WORKSHOP: Transkribus - computerised text-transcriptions (with a little human help)
The workshop will be led by Annemieke Romein
Annemieke Romeinobtained her PhD at Erasmus University in 2016 on a comparative study of the political terminology of fatherland, patria and patriot in Hessen-Kassel, Gulik and Bretagne. In 2017 she received an NWO Rubicon grant with which she worked in Ghent from September 2017 to February 2020 on a project on political-institutional / legal history, a comparison between the regions of Flanders and Holland between 1576-1702. She was also the project leader of the Digital Humanities "Entangled Histories"-project at the National Library of the Netherlands in The Hague; here she was as a Researcher-in-Residence from May to October 2019. From 2020 she will be working at Huygens ING where she will continue her research into early modern provincial regulations with her NWO Veni project 'A Game of Thrones?'. This is a comparison between Holland, Guelders and Bern in the period 1576-1702.
During this lecture/workshop you will learn the basics of working with the READ-project’s tool “Transkribus” (desktop version). Transkribus is a tool with a very user friendly interface, which will guide you through making a transcription of any text on paper. It will not be able to make a transcription if you cannot train it – so some basic palaeographic knowledge is still required.
After some training, it will be able to decipher the handwriting of the author you trained it with and will be able to transcribe many more pages for you. Even if it isn’t perfect (yet), you can use tools such as “word spotting” to find potential candidates for terms within the transcribed text – allowing you to search for relevant parts for your research!
What will you know after this lecture/workshop:
Basic workshop:
- The basic principles behind HTR(+) vs OCR.
- How to upload documents within Transkribus (photo’s, pdfs, etc.).
- Know the basic functionalities of Transkribus.
- How to manually create a Lay-out Analysis; and how to do have Transkribus do this for you.
- How to transcribe texts within Transkribus (desktop based).
- How to tag words within Transkribus (and why you would want to do that).
- Searching/ KeyWordSpotting
- How to export files from Transkribus.
- Train a model.
Advanced workshop (follow-up on the basic):
- OCR
- Text2Image (what if you have readily available transcripts)

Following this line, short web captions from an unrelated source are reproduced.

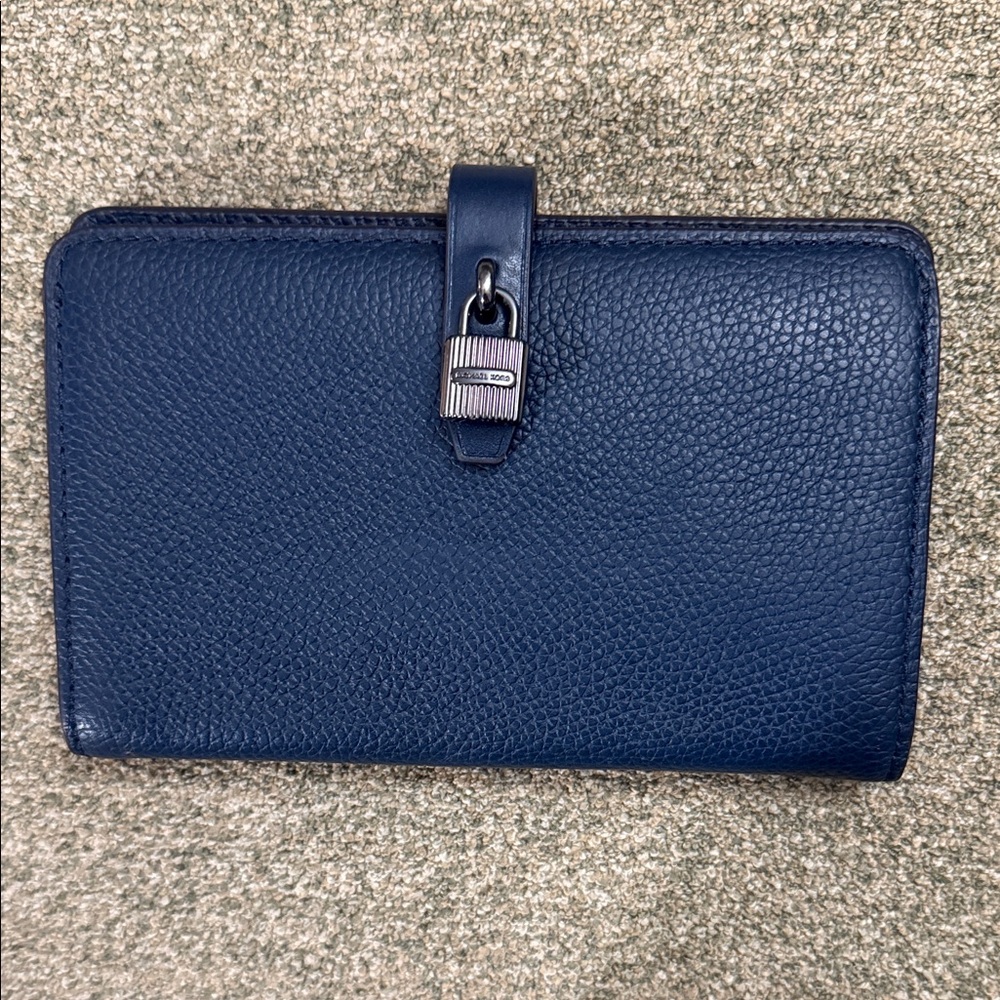 Michael Kors Pebbled Navy Leather Key & Card Holder with Lock Accent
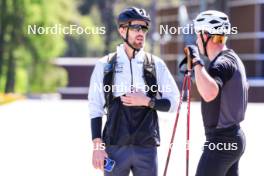 04.06.2024, Lenzerheide, Switzerland (SUI): Erik Braten Guidon (NOR), coach Team Switzerland, Janik Riebli (SUI), (l-r) - Cross-Country training, Lenzerheide (SUI). www.nordicfocus.com. © Manzoni/NordicFocus. Every downloaded picture is fee-liable.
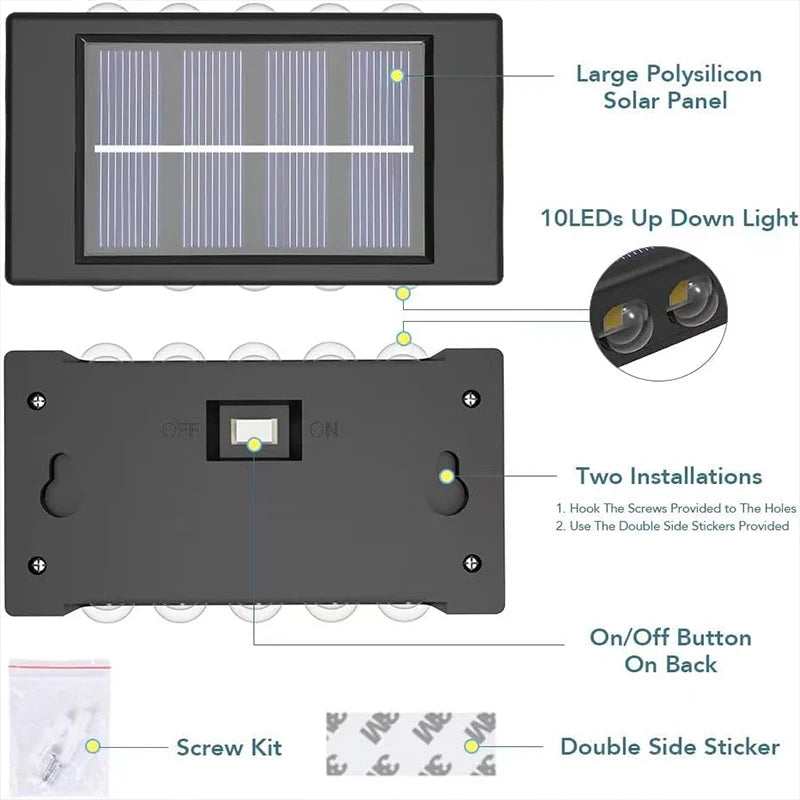 Solar Wall Lights Outdoor Warm/White Solar Wall Mount Porch Lamp Up And Down Lighting For Garden Street Landscape Balcony Patio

- Tabels and other Lay-Out Analysis (training)
- Creation of generic models
- Judge the quality of your model
- Labelling (text and regions)
- Dictionaries
Requirements:
Please install:
- https://transkribus.eu/Transkribus/ (desktop version).
- Do create an account, please use your work e-mail address as you will need to be added to a shared folder in order to get access to training material.